(Source material)

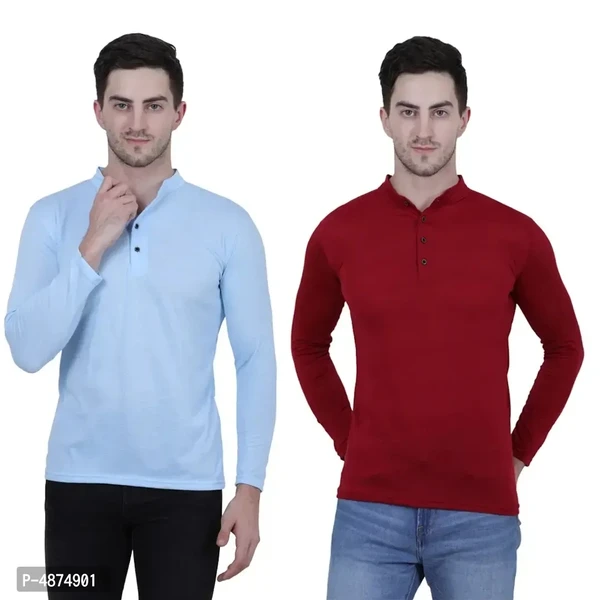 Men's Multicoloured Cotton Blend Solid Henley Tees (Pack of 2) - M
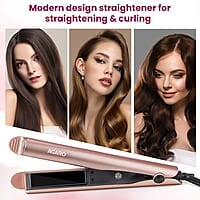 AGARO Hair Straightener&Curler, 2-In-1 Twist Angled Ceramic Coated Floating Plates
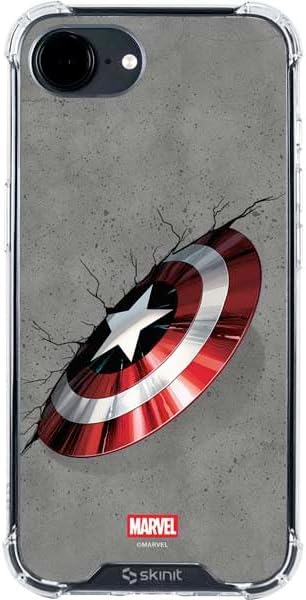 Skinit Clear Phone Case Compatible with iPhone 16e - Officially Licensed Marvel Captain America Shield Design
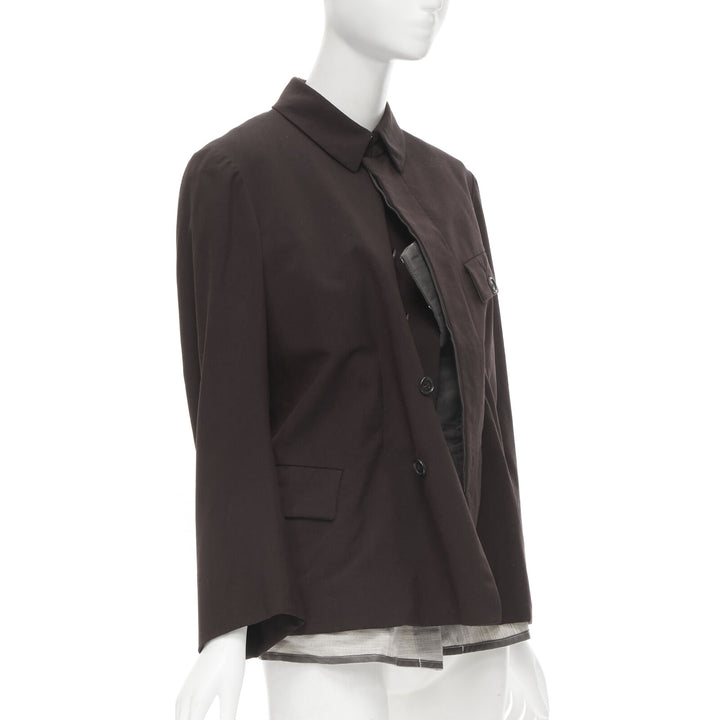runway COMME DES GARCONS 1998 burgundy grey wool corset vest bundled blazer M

(End Source material)

**Task goal**
All lines above must be repeated exactly, and the pictures must be omitted.

**Answer space**
 Men's Multicoloured Cotton Blend Solid Henley Tees (Pack of 2) - M
 AGARO Hair Straightener&Curler, 2-In-1 Twist Angled Ceramic Coated Floating Plates
 Skinit Clear Phone Case Compatible with iPhone 16e - Officially Licensed Marvel Captain America Shield Design
runway COMME DES GARCONS 1998 burgundy grey wool corset vest bundled blazer M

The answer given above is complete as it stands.